CVE-2020-0796 – A Potential SMB Attack in the Horizon
Server Message Block or SMB is a protocol used extensively by windows. It allows windows computers to communicate, locate file servers, locate and communicate with windows networks services and even communicate with other operating systems that understand the SMB protocol. The latest version of SMB is SMB version 3 which is affected.
Over the years numerous vulnerabilities were discovered in the protocol which were actively exploited and used by malware authors to build ransomware, cryptominers, SCADA malware etc. MS08-067 saw the rise of the Conficker worm, MS10-061 was used by the infamous Stuxnet malware and MS17-061 was used by ransomware’s like WannaCry. These are just known popular cases, but these bugs were actively used by other threat actors too. Apart from these code execution bugs, some inherent weaknesses in the protocol also lead to downgrade attacks, relay attacks and an attack class called pass-the-hash attack.
We now seem to have a new vulnerability, CVE-2020-0796, that might offer threat actors a new way to cause damage in the near future. The vulnerability information was inadvertently published by vendors subscribed to the Microsoft MAPP service. However, the patch for this vulnerability was not released this Tuesday. Instead Microsoft released an emergency patch released on a later day.
CVE-2020-0796 Patch Analysis
In this analysis we will identify which function is affected by this CVE, locate where the issue is and analyze it inside windbg. Performing a binary diff of unpatched srv2.sys (version 10.0.18362.329) and the patched srv2.sys (version 10.0.18362.720) we can quickly identify the function that was modified by looking at the matched functions with very low similarity. As shown in the figure below the one that stands out is “Srv2DecompressData”
This function is a small one and one of the code blocks that stands out as interesting is the call to SrvNetAllocateBuffer. These are locations where overflows can happen. The call graph from bindiff, for the unpatched function is shown in the next figure. We see an addition of two register, which we will investigate in the next section, which is used as one of the parameters to SrvNetAllocateBuffer.
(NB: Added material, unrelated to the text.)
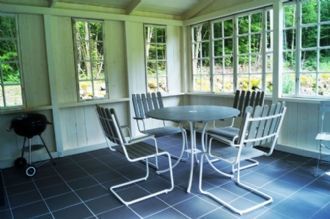 Mysig stuga i skogen – bild 7 av 8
In the patched version of Srv2DecompressData before SrvNetAllocateBuffer is called there is a call to RtlUlongAdd, which performs a safer addition of two unsigned numbers with checks in place for integer overflow. From this we know that the issue is an integer overflow, that is being fixed by this patch.
The SMB protocol initiates its operation with an “SMB Negotiate Protocol Request”. In this packet exchange the protocol dialects and any other extra capabilities are negotiated by the client. The client can also negotiate choice of compression algorithms in SMBv3 via a “Negotiate Context” field with Type ID 3, highlighted in grey in packet number 6 in the figure below.
Most fields in the Type 3 Negotiate Context request are self-explanatory. The last field labelled “Unknown” is a collection of fields containing the code for the compression algorithms the client is requesting be used during communication. The server responds with an “SMB Negotiate Protocol Response”. The response packet from the server has a “Negotiate Context” field with Type ID 3. This is highlighted in the figure below in packet no 7. The “Unknown” field contains the algorithms the server supports.
Once a compression algorithm has been decided by the client and server, they can choose to have data compressed and, in such cases, uses an SMB compression transform header which starts with the protocol id “\xfcSMB”. Please look at reference  to understand the header format. The fields “OriginalCompressedSegmentSize”, “Flags” and “Offset/Length” are of interest. Using our in-house developed PoC and varying the OriginalCompressedSegmentSize and Offset/Length field we were able to overflow the addition shown in the unpatched version of srv2.sys. We had the OriginalCompressedSegmentSize field set to 0x123 and the Offset/Length field set to 0xfffffeed. This was followed by 321 bytes of junk data. On running the PoC against a target to which windbg was attached with breakpoint enabled on Srv2DecompressData, the following was observed.
The registers rax and rcx has been set to the values we choose for our PoC and the addition overflows and results in a value 0x10 in ecx, which is a parameter to the SrvNetAllocateBuffer. Inside the function SrvNetAllocateBuffer an undersized memory is allocated from the kernel pool which eventually gets overflowed and leads to a crash.
The overly large value for the Offset/Length field leads to invalid memory reference as per the bug analysis by windbg.
As per the Microsoft advisory the vulnerability affects both server and client operating systems which uses SMB dialect 3.1.1. Microsoft has released a patch and Advisory on this Vulnerability. Versa VOS™ (formerly FlexVNF) IPS module detects this Vulnerability and prevents them from being connected onto the system. Versa Network’s security research team is constantly monitoring the internet for evolving threats and released the detection rule to detect this Vulnerability and will advise customers to regularly update their Database.